The arena didn't look "good" before the show and after a few pleasure riding classes, it was only better (packed) in that tiny narrow track around the rail. The competetors were a Saddlebred type horse and a Fresian. Since there were only 2 others and I needed one 1st or two 2nds to qualify for the Championship show, I decided that I'd let my horse tell me if she could handle it or not. She entered the arena on a big uphill grade doing much better with the incline than the Saddlebred who nearly refused and ended up backing into the side of my trailer. My plan was to try to keep one wheel in the packed narrow track and the other on the slim grassy strip that hugged the fence. This was where I learned that my mare will give me 110%. My gal is only 34" but she threw herself into the harness and away we went. I remember at the extended trot hearing the cart slide sort of sideways around one end curve. The only thing that bothered her was the one time the Fresian passed us as his hooves thundered and his cart jingled - maybe that's why she was moving out so much. The judge was more than fair and let me get out of the cart to back her. We placed 2nd and I was so proud. The downside was that she pulled a neck muscle and it was about two weeks and a chiropracter call to get over it.

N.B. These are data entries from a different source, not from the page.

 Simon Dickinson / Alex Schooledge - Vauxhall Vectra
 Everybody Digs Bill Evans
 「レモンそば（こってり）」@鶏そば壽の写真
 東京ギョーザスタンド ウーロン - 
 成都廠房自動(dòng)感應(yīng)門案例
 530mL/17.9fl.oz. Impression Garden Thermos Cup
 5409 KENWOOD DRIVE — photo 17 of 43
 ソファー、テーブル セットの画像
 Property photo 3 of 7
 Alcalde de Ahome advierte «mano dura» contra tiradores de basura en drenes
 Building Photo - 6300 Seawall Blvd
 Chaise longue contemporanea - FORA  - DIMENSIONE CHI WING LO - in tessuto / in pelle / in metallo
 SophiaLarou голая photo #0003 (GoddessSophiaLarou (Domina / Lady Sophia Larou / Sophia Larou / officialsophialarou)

We did end up qualifying for the year end show. The classes at it were only mini against pony (however for those that don't know the definition of pony - it's anything under 14.2 hands---ha, pony!). She ended up Wisconsin State Champion mini/pony driving. It was nice but probably, we won't be repeating it.


----------



## hobbyhorse23 (Jan 2, 2010)

I see no problem competing in the same arena with big horses but that's probably because I come from a big horse background and my mini is trained to move out well and enjoys hanging out with his larger cousins.




Deep footing would be a real problem but luckily I haven't run into that yet except in warmup arenas. I'll admit you start feeling a lot like a potential speed bump when a pair of Friesians comes jingling up behind you but hey...it's sort of a thrill!





Kody always takes being passed by a big horse as a personal challenge and drops his butt to the ground to pursue them; I've found it's hard to drive seriously when you're dying of laughter because your horse has his nose shoved in the spares box of the Morgan in front of you at a full road trot!





Leia


----------



## MiLo Minis (Jan 2, 2010)

The only time I have run into trouble was in a reinsmanship class where a pair of Friesens almost ran me over because their driver didn't see me! Needless to say, they didn't fare well in the ribbons.


----------



## RhineStone (Jan 2, 2010)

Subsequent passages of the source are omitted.